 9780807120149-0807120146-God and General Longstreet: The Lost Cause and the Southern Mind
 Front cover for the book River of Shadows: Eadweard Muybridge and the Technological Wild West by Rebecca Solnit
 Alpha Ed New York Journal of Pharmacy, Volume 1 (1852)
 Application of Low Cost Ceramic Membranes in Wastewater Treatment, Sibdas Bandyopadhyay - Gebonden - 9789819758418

⁂

• [Prompt]:
The material above is to be transcribed in full, exactly as it appears.

• [Solution for this task]:
 9780807120149-0807120146-God and General Longstreet: The Lost Cause and the Southern Mind
 Front cover for the book River of Shadows: Eadweard Muybridge and the Technological Wild West by Rebecca Solnit
 Alpha Ed New York Journal of Pharmacy, Volume 1 (1852)
 Application of Low Cost Ceramic Membranes in Wastewater Treatment, Sibdas Bandyopadhyay - Gebonden - 9789819758418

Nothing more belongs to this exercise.